By the time of the Roaring Twenties, the medium of "wireless telegraphy" had evolved into the broadcast entertainment medium we know as radio. Between about 1919 and the early 1920s, crystal radio sets were beginning to gain attention and the infant audio broadcasting industry was born. Crude battery-powered radios came into use.
During the mid-1920s, amplifying "vacuum tubes" revolutionized radio receivers and transmitters in the United States. Licensed commercial radio stations were beginning to pop up across the country. AM radio stations such as KDKA in Pittsburgh began broadcasting to the public. (KDKA's first broadcast reported the presidential election results on November 2, 1920.) Early stations in the Pelham area included 2ZK, broadcasting from New Rochelle.
By the mid-1920s, the Town of Pelham hungered for the new entertainment medium. Some residents of the affluent little Town owned radios, but the Town was in the middle of a radio "dead spot" that deprived its citizens of the music and entertainment programs that they longed to hear. That began to change in 1927.
That year, the local newspaper excitedly reported that increased power in local broadcasting stations was beginning to provide radio coverage throughout Pelham.

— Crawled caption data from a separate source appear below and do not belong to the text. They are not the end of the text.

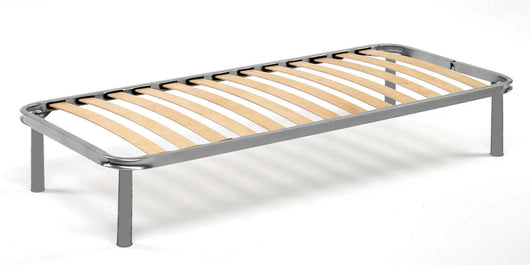Rete letto singolo Amammata, Rete ortopedica in multistrato di betulla a 13 doghe, 100% Made in Italy, cm 80x190h 34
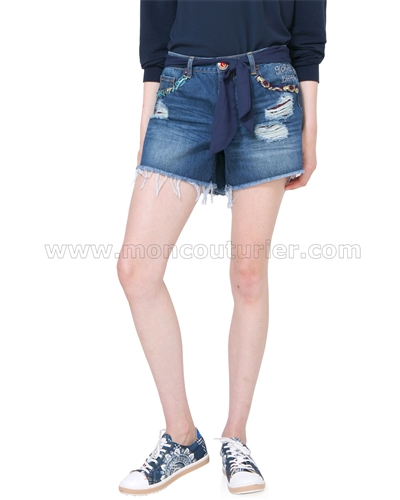 Desigual Denim Shorts Exotic Blue
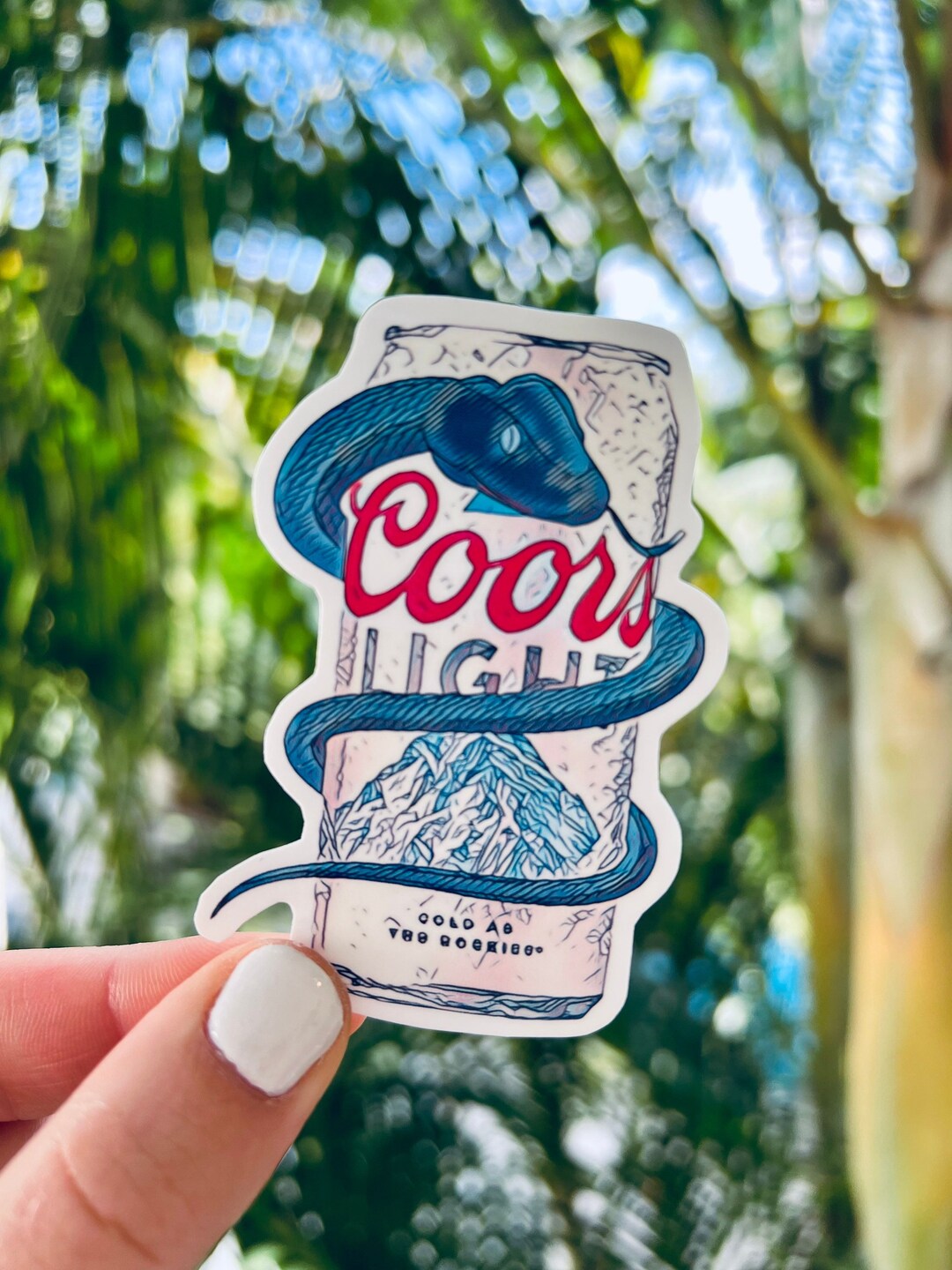 Coors Light Sticker Beer Stickers Coors Light Gift Etsy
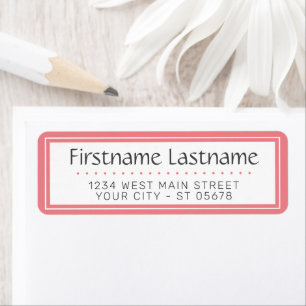 Trendig chic weißer einfacher typografischer Schri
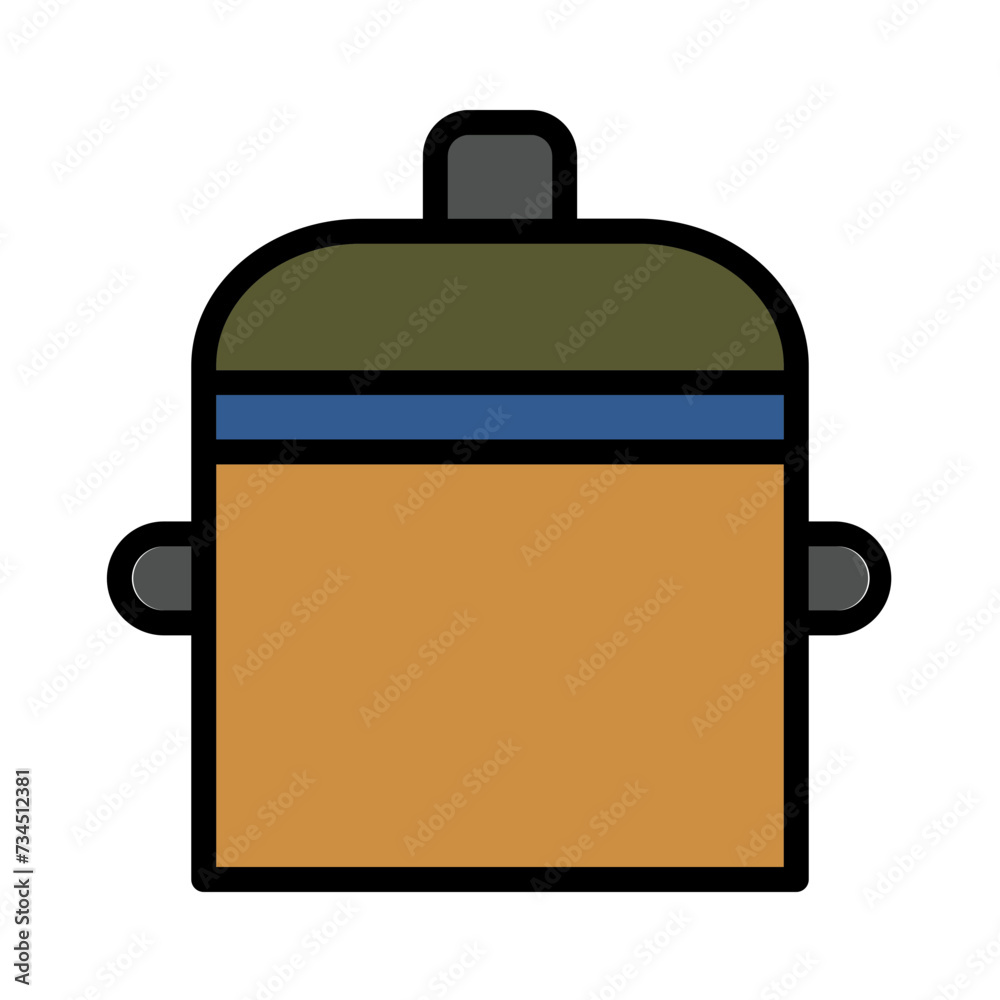 Pan Cooking Tool Filled Outline Icon Pan Cooking Tool Filled Outline Icon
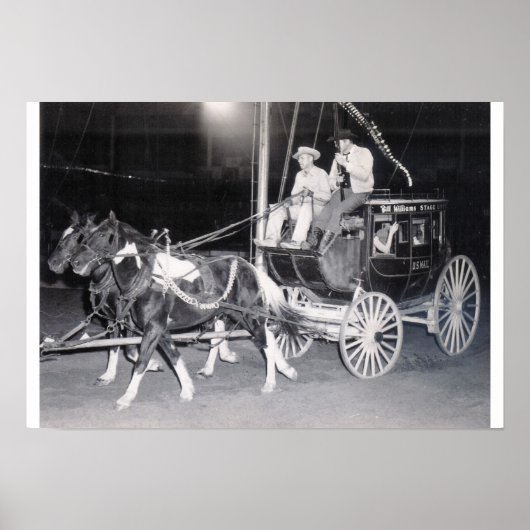 ステージのコーチ ポスター (正面)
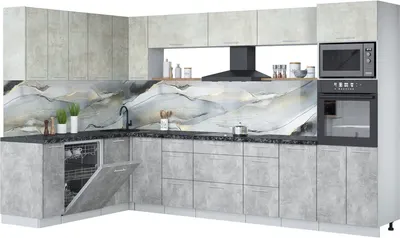 

Кухонный гарнитур, Мила Лайт 1.896х3.38-2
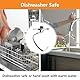 Edelstahl Teighaken für Kitchen Aid 4,5-5 Quart Tilt Head Standmixer, kompatibel mit Kitchen Aid Zubehör und Aufsätzen
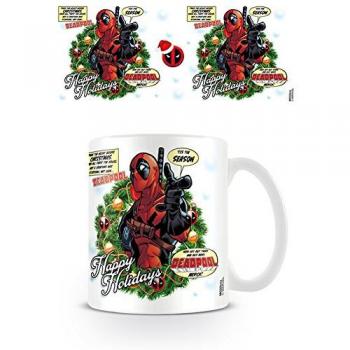 Deadpool tis la temporada taza de cafe ceramica multicolor 79x 11x 93cm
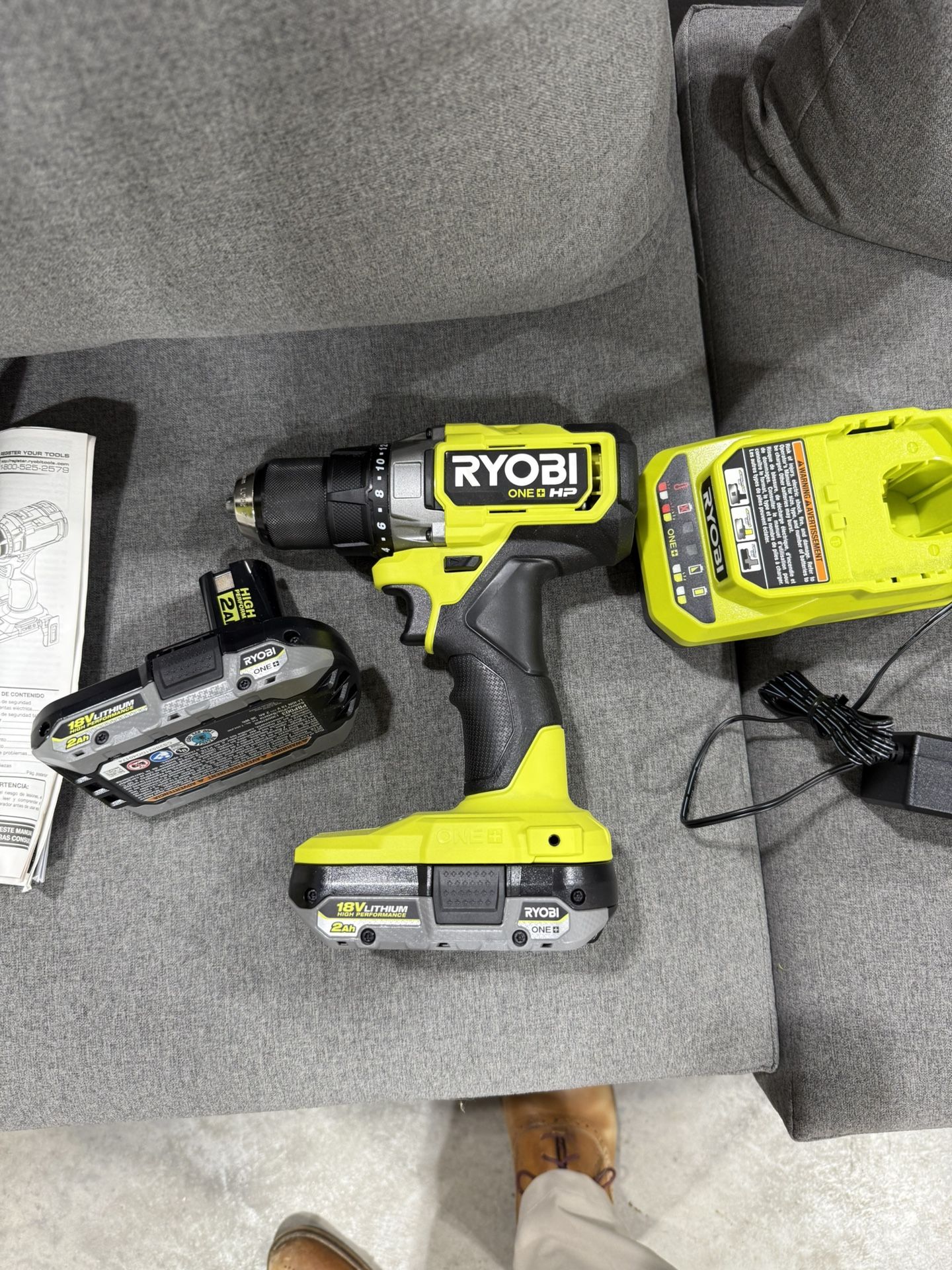 RYOBI brushless Drill With 2 Batteries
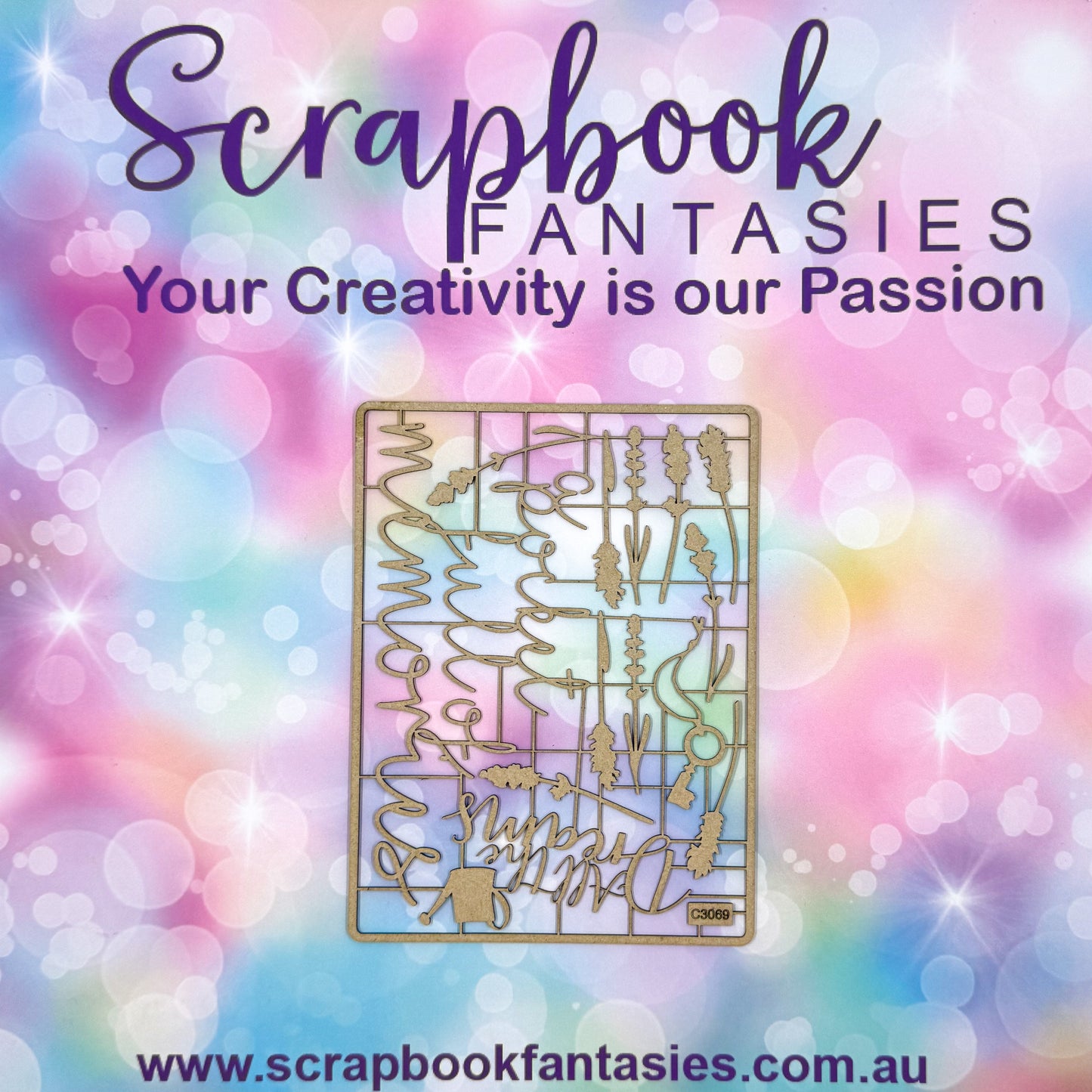 Chippie-Cuts Grey 1.2mm Chipboard 4.5"x6" - a pocket full of memories (14 pieces) C3069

Pelhamites quickly fell in love with a local AM radio station (FM had not yet been invented) known as WEAF, a now-defunct predecessor to WNBC. WEAF signed on for the first time on March 2, 1922. It is considered the first commercial radio station that broadcast in the New York Metropolitan area. The same year, the station broadcast what it later claimed to be the first radio advertisement. In 1926, WEAF was purchased by the Radio Corporation of America (RCA), making it a so-called "sister station" to WJZ (now WABC). RCA next formed the National Broadcasting Company (NBC) which began operating the two radio stations.
A lengthy article about improved radio reception appeared in the December 16, 1927 issue of The Pelham Sun. It provides a fascinatingly-quaint window into the lives of Pelham citizens at the dawn of the new broadcast medium in our little town. The article is quoted in its entirety below, followed by a citation to its source.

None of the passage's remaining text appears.